Apollo: “Io sono qui perché protettore della musica che voglio far diventare armoniosa e meno pedante che già ci fu all’alba del mondo, con quell’epoca che nel futuro gli uomini chiameranno Neandertahl…”.
Zeus: “Mi par di capire che tu Apollo vuoi andar oltre al tuo incarico celeste. Forse ambisci a occuparti del progresso?” (il grande vecchio capì al volo…).
Thanatos: “Il mio pianeta di buio ha a che fare con la morte e il silenzio. Dunque Padre, questi affari non sono miei” (il re dell’universo ebbe un sussulto anche per l’antipatia che aveva per lo scorbutico e senile figlio).
Il dio della musica, sollecitato, continuò a spiegare che ad averlo spinto fino alle soglie di quella tana cosmica erano stati i sogni di un piccolo e fragile essere, così ignorante ma così appassionato, che gli sembrava giusto dargli un premio. “Silenzio!!!”, ripeté fedele alla tradizione il signore dei signori.

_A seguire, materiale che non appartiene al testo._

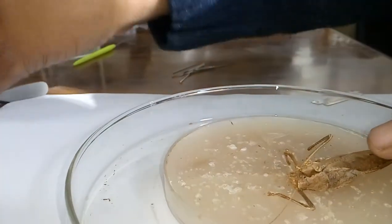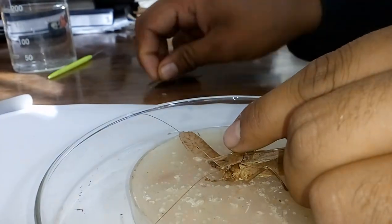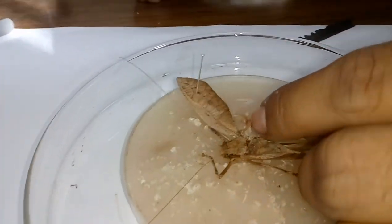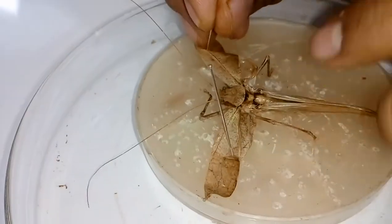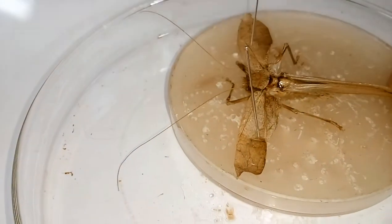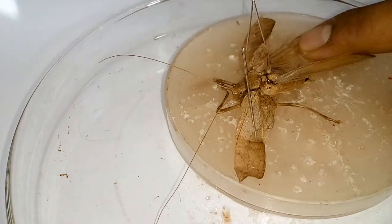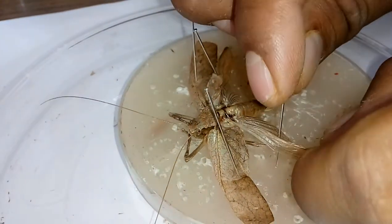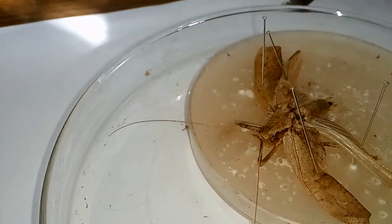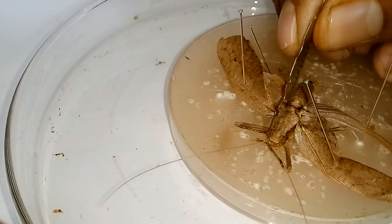Further, you just open up the wings of the grasshopper — both the forewing and hindwing — and using your pins or needles, put pins in the wings so that the specimen will be stable. You have to position it like that, and similarly for the hind wings.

Thanatos, che dinnanzi al sommo sovrano aveva preso il fare modesto di un omino che sulla Terra avrebbero chiamato Fantoz fece spallucce: “E io che posso fare per te, illustrissimo Apollo?”, sibilò malvagio.
Zeus: “Muoversi, giungiamo al punto…”, intimò spazientito ai commedianti per l’idea che aveva di tornare a giochicchiare con le galassie.
Apollo: “La mia richiesta è semplice, dare a quell’umano che si fa chiamare Pitagora e che tanto si affaccenda intorno alla mia materia, l’idea della Pausa. Un aspetto che, visti i limiti da me sopportati per volere del Padre stesso, io non posso trattare. Nel mio comporre le note scorrono una dietro l’altra, ma senza quel silenzio che tanto vorrei elargire… Dunque è il dio incaricato di certi compiti a dover mettere quel qualcosa in più che potrebbe rendere più ricco il mondo dei suoni.
Zeus: “Note e musica, musica e note, silenzi e note, trallalà trallalà…”. L’imperatore delle divinità, improvvisamente, si mostrò assai divertito dalla faccenda tanto da spingere il guardiano dell’aldilà a dare quel che Apollo chiedeva. Ovvero la possibilità di far concepire al suo filosofo protetto il silenzio in forma musicale. E così fu. Lo scambio di sapienza tra gli dei avvenne in maniera inconcepibile. Poi l’aureo congedo.
Apollo prese un ascensore dimensionale alla Star Trek. Nel volgere di qualche microistante intraprese il viaggio. La destinazione sarebbero stati i sogni di Pitagora, in quel mentre tra le braccia di Morfeo. Quale occasione migliore per insuflare nell’umano il germe della conoscenza… Durante il siderale trasloco qualcosa andò storto. Fra tuoni e fulmini, una forza scaraventò il povero Dio in un’epoca diversa. Con il busto e le mani tremebonde e piene di logos, Apollo si infilò come una supposta nel giochi onirici di un uomo qualunque del Novecento. Un impiegato al quale il giorno dopo toccò la singolare sorte dell’inventore al posto del genio greco che, nel non veder arrivare nessuno, si diede alla matematica. Dall’altra parte del tempo lui, il ragionier Rossi. Che preso da una strana smania di inventar qualcosa in un giorno feriale d’ufficio si trovò quasi senza saperlo alla macchinetta del ristoro. E lì con lo stupore dell’oracolo di Delfi e degli dei inventò sì l’agognata Pausa, ma per il caffè.